Yevgeny, a 43-year-old mechanic voting in central Moscow, said he briefly wondered whether it was worth voting.
“But the answer was easy … If I want to keep working, I vote,” he said. He said his bosses haven’t asked for proof of voting but he fears they will. He spoke on condition that his last name not be used out of concern that his employer — the Moscow city government — would find out.
Yevgeny Roizman, the mayor of Russia’s fourth-largest city, Yekaterinburg, told The Associated Press that local officials and state employees have all received orders “from higher up” to make sure the presidential vote turnout is over 60 percent.
“They are using everything: schools, kindergartens, hospitals — the battle for the turnout is unprecedented,” said Roizman, one of the rare opposition politicians to hold a significant elected office.
A doctor at one of the city’s hospitals told the AP how one kind of voting pressure works.
The doctor, who gave her name only as Yekaterina because of fears about repercussions, said she and her co-workers were told to fill out forms detailing not only where they would cast their ballots, but giving the names and details of two “allies” whom they promised to persuade to go vote.
“People were indignant at first, said: ‘They’re violating our rights’ … but what can you do?” she said at a cafe Saturday.
Yekaterina said she wasn’t sure what she would do with her ballot, musing that “maybe I’ll just write ‘Putin is a moron.’” But she understood that not showing up at the polling place today would not only endanger her job but would reflect badly on her boss, whom she likes.
She said she wouldn’t go to vote if she wasn’t forced to.
“What’s the point? We already know the outcome. This is just a circus show,” she said.
Authorities were also appealing to patriotic feelings by holding the vote on the anniversary of Russia’s 2014 annexation of Crimea from Ukraine. Polls show that most Russians continue to see the takeover of that Black Sea peninsula as a major achievement despite subsequent Western sanctions.
The eight presidential candidates were barred from campaigning today, but much-loved entertainers appealed to voters in a televised message aired throughout the day to fulfill their civic duty and go to the polls.

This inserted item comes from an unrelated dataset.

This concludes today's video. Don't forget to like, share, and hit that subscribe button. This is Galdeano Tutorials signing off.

Voters also faced billboards celebrating Russian greatness — a big theme of Putin’s leadership.
As U.S. authorities investigate alleged Russian interference in President Donald Trump’s 2016 election, Moscow has warned of possible meddling in the Russian vote.
Turnout-boosting efforts have been the most visible feature of the campaign — and all come from taxpayers’ pockets. In Moscow alone, authorities spent 50 million rubles ($870,000) on balloons and festive decorations at polling stations.

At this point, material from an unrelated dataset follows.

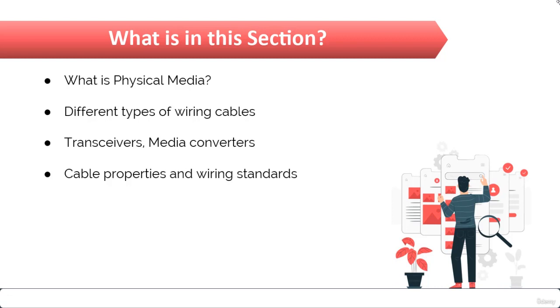So let us start with the first lecture in which we will talk about different physical media.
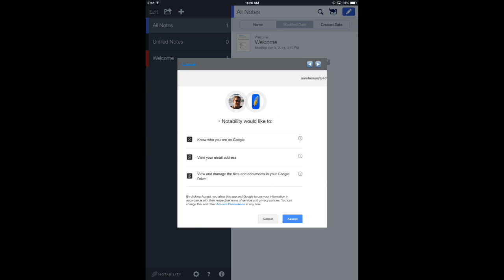All it's doing is we're giving Notability and Google Drive permission to talk to each other. We're going to hit accept.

In Moscow, first-time voters were being given free tickets for pop concerts, and health authorities were offering free cancer screenings at selected polling stations.
In the southern city of Tambov, the state-sponsored Youth Parliament backed an Instagram competition. Voters who take selfies at polling stations and post them under the designated hashtag will be able to enter a raffle for high-end electronics, including an iPhoneX.
Ella Pamfilova, chairwoman of the Central Election Commission who was appointed to clean up Russia’s electoral system, vowed to respond to complaints about being coerced to vote.
Putin has traveled across Russia pledging to raise wages, pour more funds into the country’s crumbling health care and education and modernize dilapidated infrastructure.
Among Putin’s challengers is Ksenia Sobchak, a 36-year-old TV host who has campaigned on a liberal platform and criticized Putin’s policies. Some see Sobchak, the daughter of Putin’s one-time patron, as a Kremlin project intended to add a democratic veneer to the vote and help split the ranks of Kremlin critics.